Provisioner:           fsx.openzfs.csi.aws.com
Parameters:            AutomaticBackupRetentionDays=0,CopyTagsToBackups=false,CopyTagsToVolumes=false,DailyAutomaticBackupStartTime="00:00",DeploymentType="SINGLE_AZ_HA_2",DiskIopsConfiguration={"Mode": "AUTOMATIC"},OptionsOnDeletion=["DELETE_CHILD_VOLUMES_AND_SNAPSHOTS"],ResourceType=filesystem,RootVolumeConfiguration={"CopyTagsToSnapshots": false, "DataCompressionType": "LZ4", "NfsExports": [{"ClientConfigurations": [{"Clients": "10.42.0.0/16", "Options": ["rw","crossmnt","no_root_squash"]}]}], "ReadOnly": false, "RecordSizeKiB": 128},SecurityGroupIds=["sg-0487210592500fd09"],SkipFinalBackupOnDeletion=true,SubnetIds=["subnet-0c24bac47ee48d84b"],Tags=[{"Key": "Name", "Value": "eks-workshop-FSxZ"}],ThroughputCapacity=320,WeeklyMaintenanceStartTime="7:09:00"

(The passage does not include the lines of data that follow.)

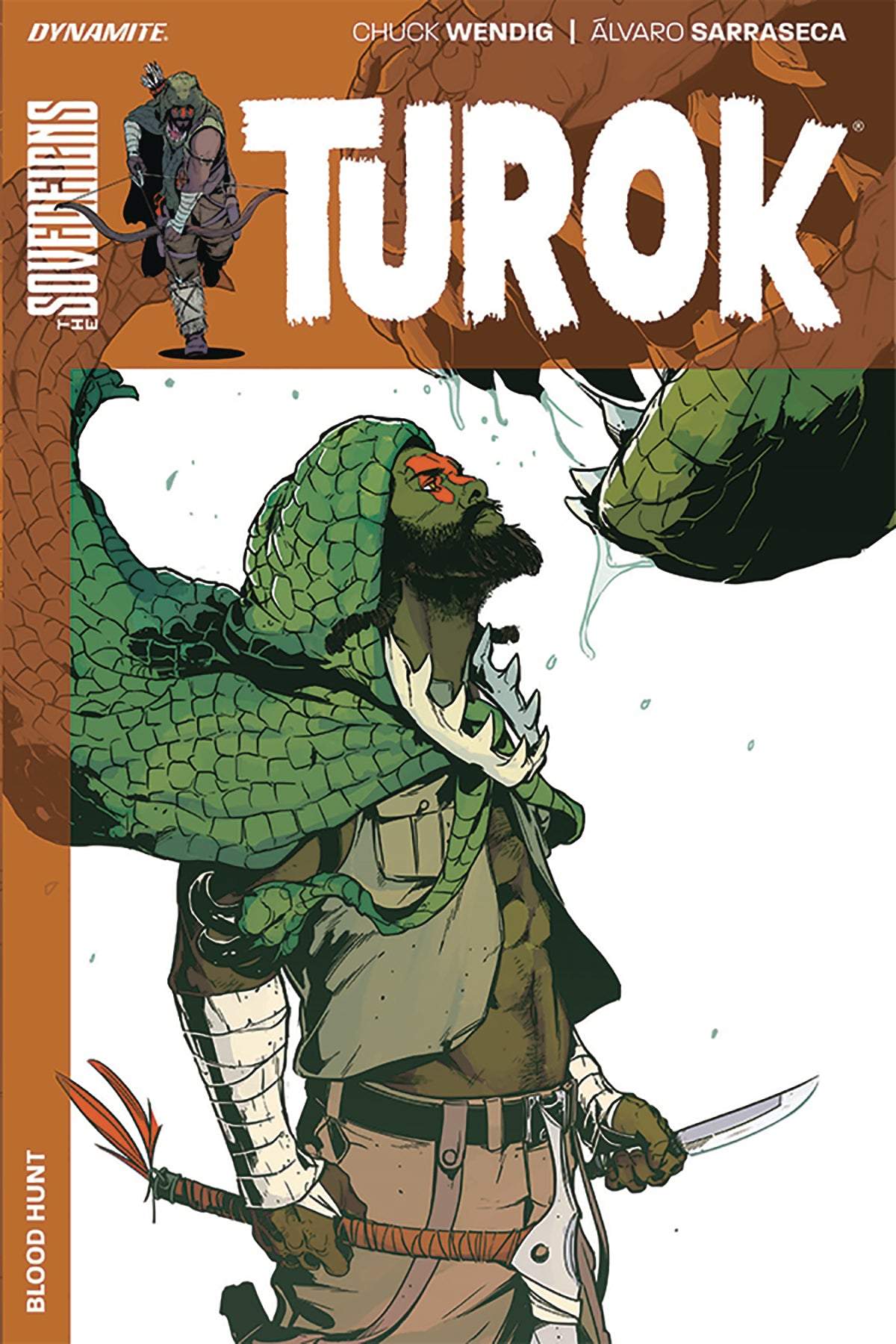 Photo of Turok TP Vol 01 Blood Hunt comic sold by Stronghold Collectibles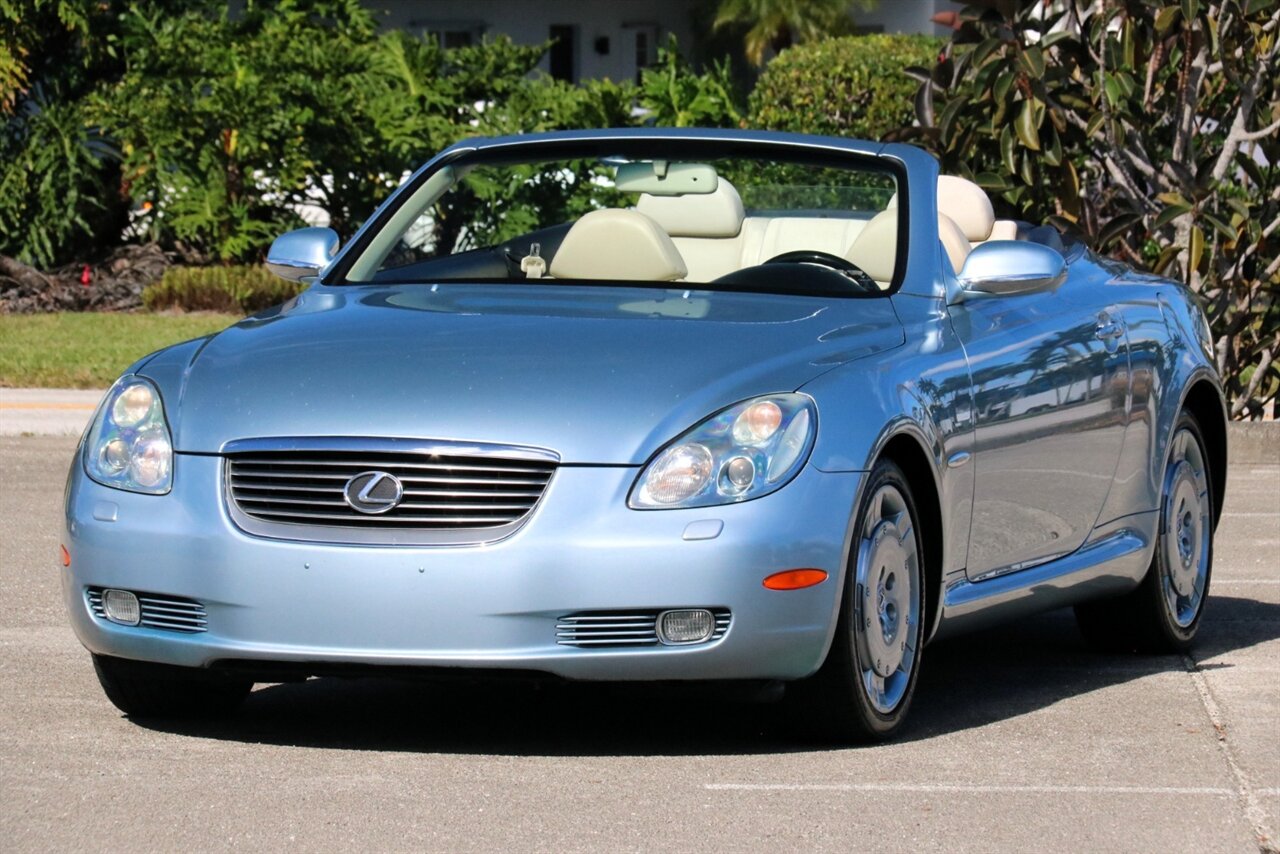2004 Lexus SC 430 Pebble Beach Edition - Photo 10 - Stuart, FL 34997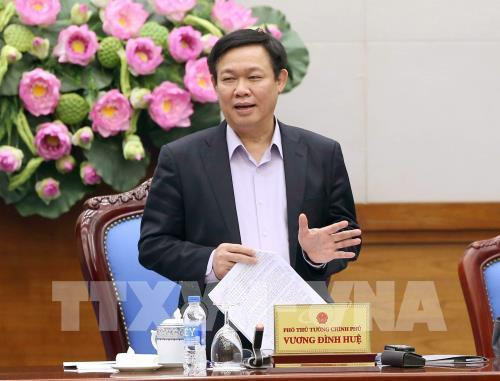 Phó Thủ tướng Vương Đình Huệ
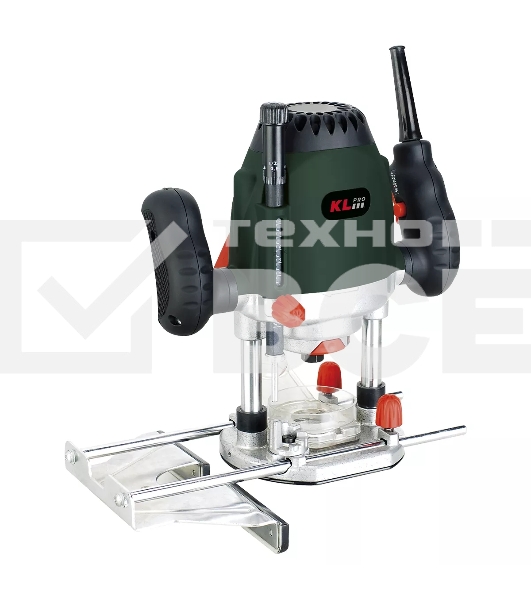 Профессиональная фрезерная машина KLPRO KLEF1204 (сеть, 1200Вт, 9000-30000об/мин, 6-8мм)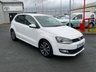 USED 2014 14 VOLKSWAGEN POLO 1.2 TDI Match Edition Hatchback 5dr Diesel Manual Euro 5 (75 ps) 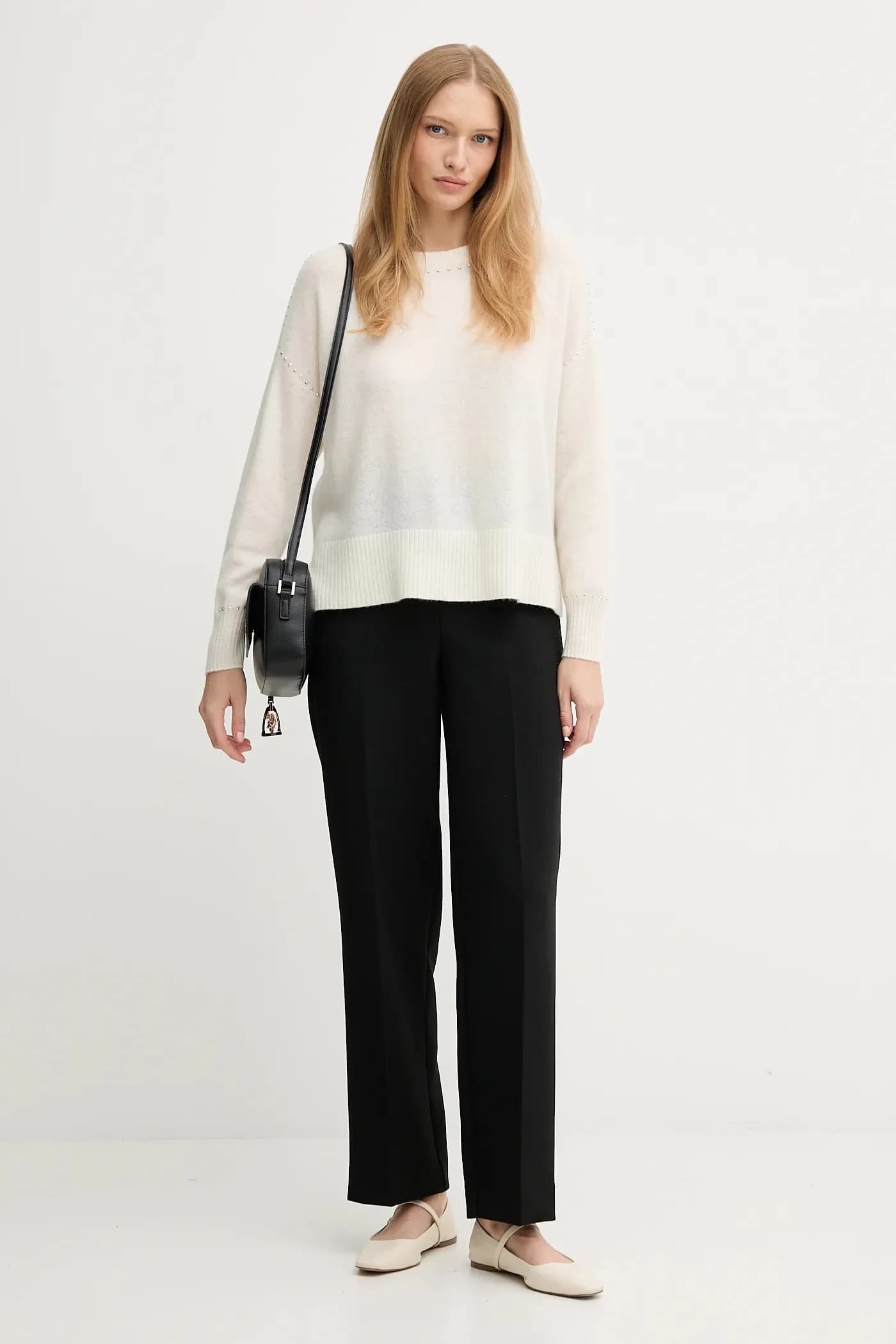 Кашемировый свитер - фото 2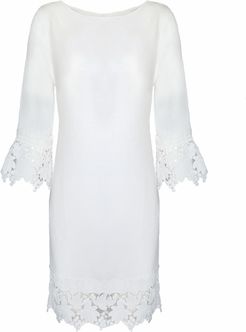 Ilaeira Mini Dress White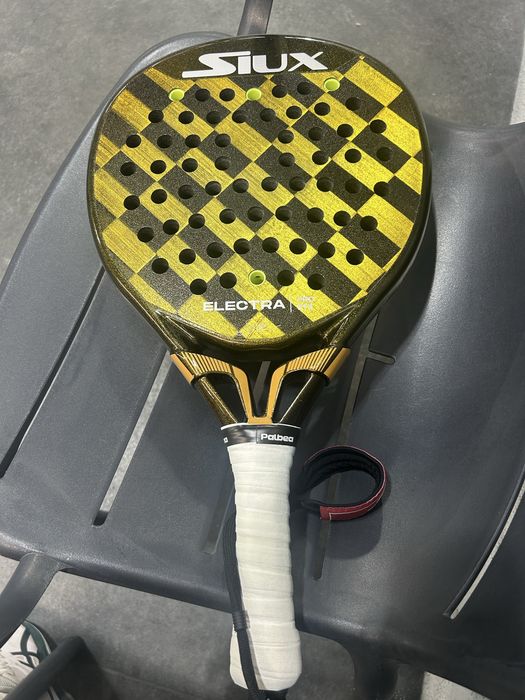 Raquete padel - Siux electra Pro ST4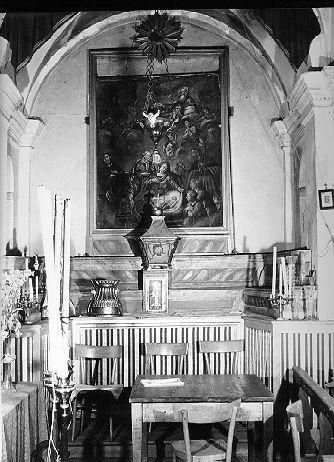 altare - bottega toscana (sec. XIX)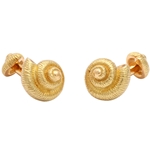 Shell Cufflinks by Tiffany & Co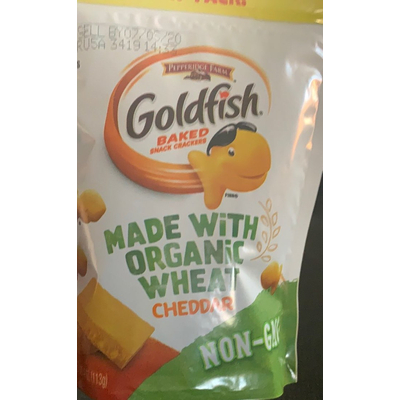 Goldfish, Baked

AllowVolumeExpansion:  True
MountOptions:
  nfsvers=4.1
  rsize=1048576
  wsize=1048576
  timeo=600
  nconnect=16
ReclaimPolicy:      Delete
VolumeBindingMode:  Immediate
Events:             <none>


Now that we understand EKS StorageClasses and the FSx for OpenZFS CSI driver, we'll proceed to modify the assets microservice to use the FSx for OpenZFS StorageClass with Kubernetes dynamic provisioning to create a new Amazon FSx for OpenZFS file system. Once the file system creation completes, we can update the volume StorageClass and again use Kubernetes dynamic provisioning to create a PersistentVolume for storing product images.